Pagi itu, Minggu, 20 Desember 2025, Sleman terbangun dengan cara yang istimewa. Cahaya matahari muncul perlahan dari balik timur, menyibak sisa-sisa embun yang menggantung di udara, sementara Gunung Merapi berdiri tegak di kejauhan—anggun, tenang, dan penuh wibawa. Awan tipis memeluk puncaknya, seakan Merapi sedang menyimpan rahasia pagi yang hanya bisa dibaca oleh mereka yang sudi berjalan perlahan dan menundukkan hati.
Aku melangkah menyusuri pagi ini, melewati jalan-jalan yang mulai hidup namun belum riuh. Lampu lalu lintas masih berpendar lembut, toko-toko perlahan membuka pintu, dan suara motor bercampur dengan kicau burung. Di sela denyut kota yang bangkit, Merapi menjadi latar yang tak pernah absen, mengingatkan bahwa di balik kesibukan manusia, alam selalu setia menjaga ritmenya sendiri.
Merapi pagi ini tampak bersahaja. Lerengnya hijau, garis-garis alurnya tegas, dan puncaknya diselimuti awan putih yang bergerak pelan. Tak ada letupan, tak ada amarah—yang ada hanya ketenangan yang mendalam. Ia seperti seorang guru tua yang memilih diam, mengajarkan kebijaksanaan lewat kehadiran. Dalam diamnya, Merapi mengingatkan tentang kesabaran, tentang waktu, dan tentang keseimbangan antara kuasa dan kasih.
Berjalan di bawah pandangnya, hati terasa lapang.

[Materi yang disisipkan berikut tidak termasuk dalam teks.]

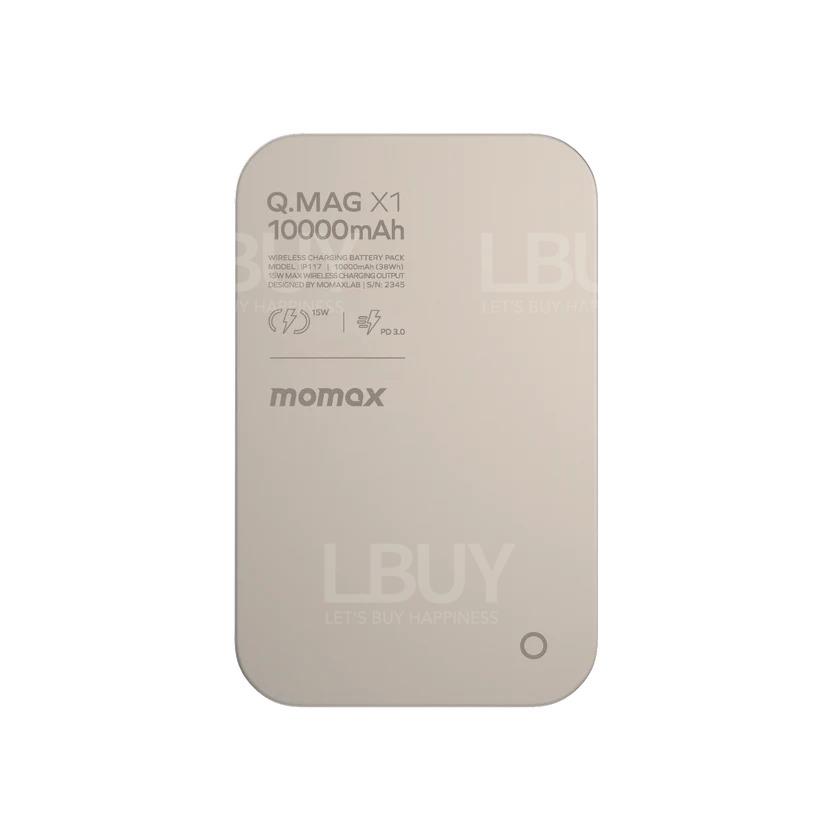 Momax Q.Mag X1 10000mAh Wireless battery pack IP117 - Titanium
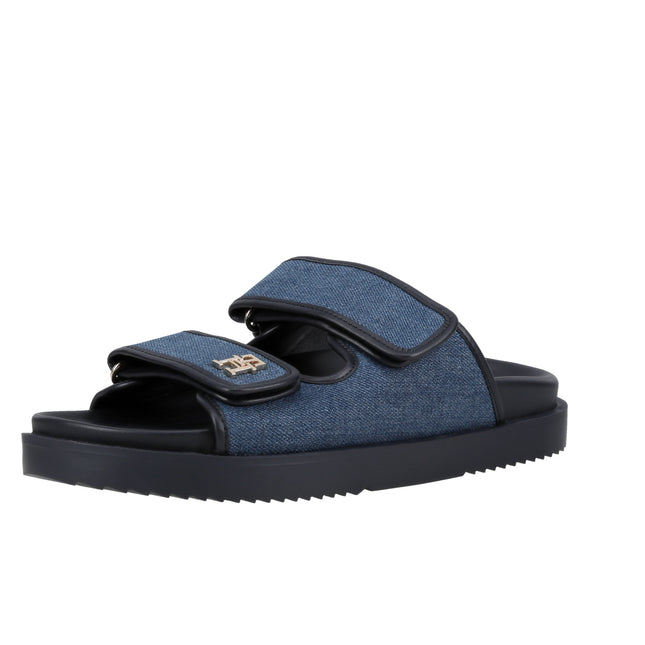 Double Strap Denim Sandal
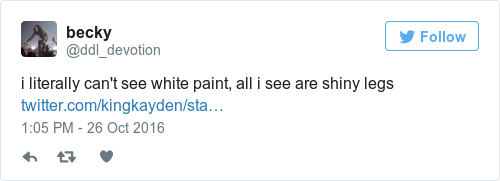Tweet by @becky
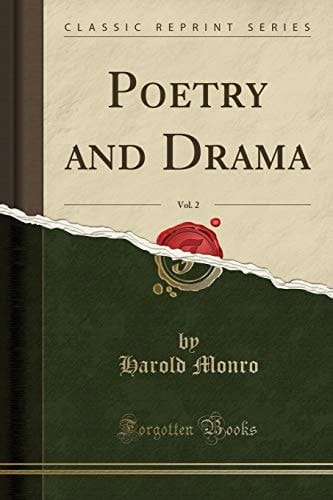 Poetry and Drama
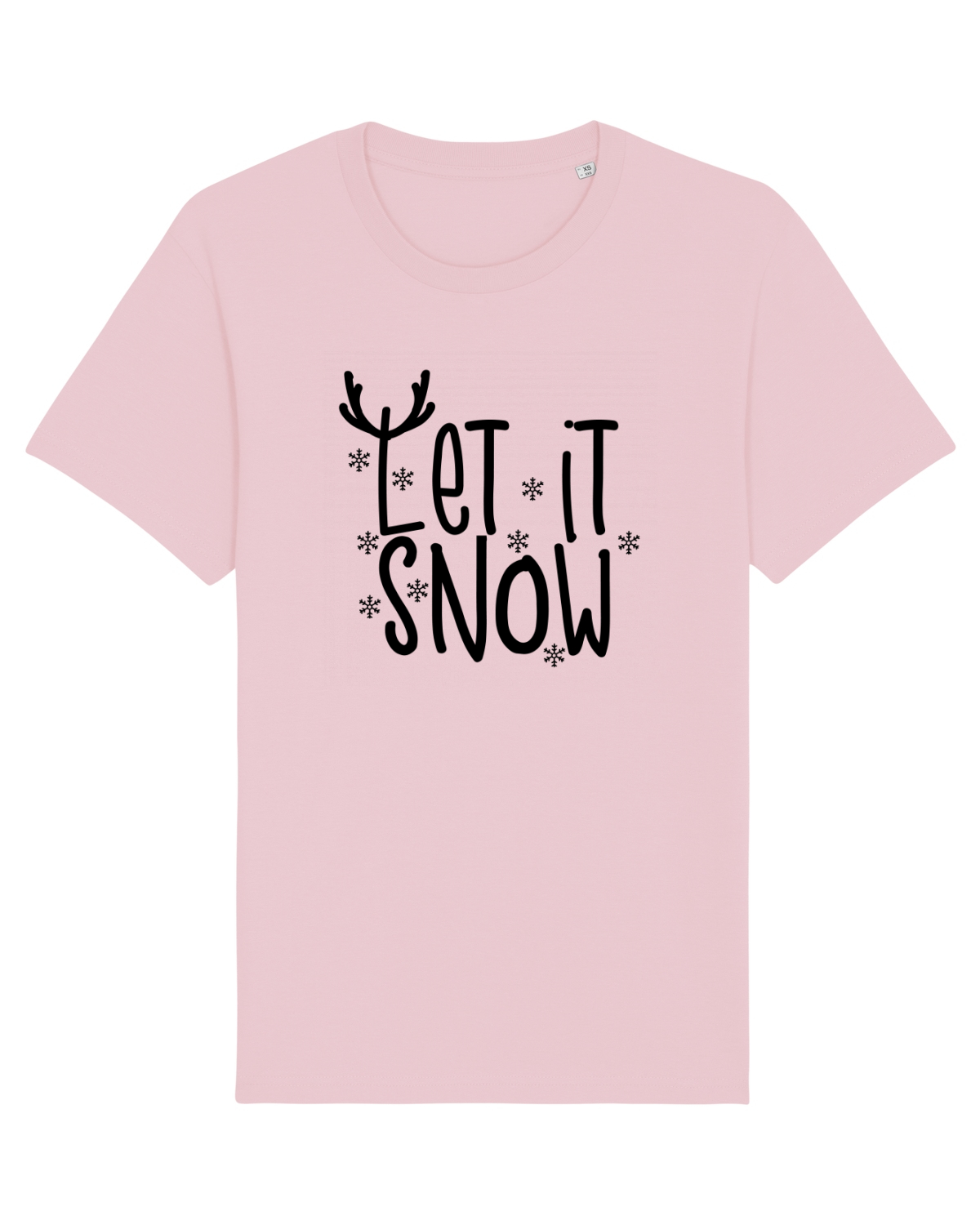 Tricou mânecă scurtă Unisex Rocker Cotton Pink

Setiap langkah seolah diiringi doa yang tak terucap. Udara pagi membawa aroma tanah basah dan dedaunan, menenangkan pikiran yang sempat lelah. Pagi Minggu ini bukan sekadar pergantian waktu, melainkan perjumpaan batin—antara manusia dan gunung, antara kesibukan dan kesadaran, antara hari kemarin dan harapan esok.
Merapi, dengan segala kisahnya—tentang letusan dan kehidupan, tentang duka dan kebangkitan—kini berdiri sebagai simbol keteguhan. Ia pernah menguji, pernah melukai, namun juga memberi. Dari rahimnya, tanah menjadi subur; dari amarahnya, manusia belajar rendah hati. Dan pagi ini, ia memilih untuk memeluk Sleman dengan damai.
Saat matahari kian meninggi, awan di puncak perlahan menipis. Merapi tetap di sana, setia menjaga Yogyakarta dan sekitarnya. Aku pun melanjutkan langkah, membawa pulang rasa syukur yang sederhana: telah diberi pagi yang indah, telah diizinkan menyaksikan keagungan yang tak pernah menuntut puja, namun selalu layak dihormati.
Begitulah Merapi di pagi hari—mengagumkan tanpa berteriak, indah tanpa berlebih, dan selalu mengajak siapa pun yang memandangnya untuk berjalan lebih pelan, bernapas lebih dalam, dan mencintai kehidupan dengan lebih bijak.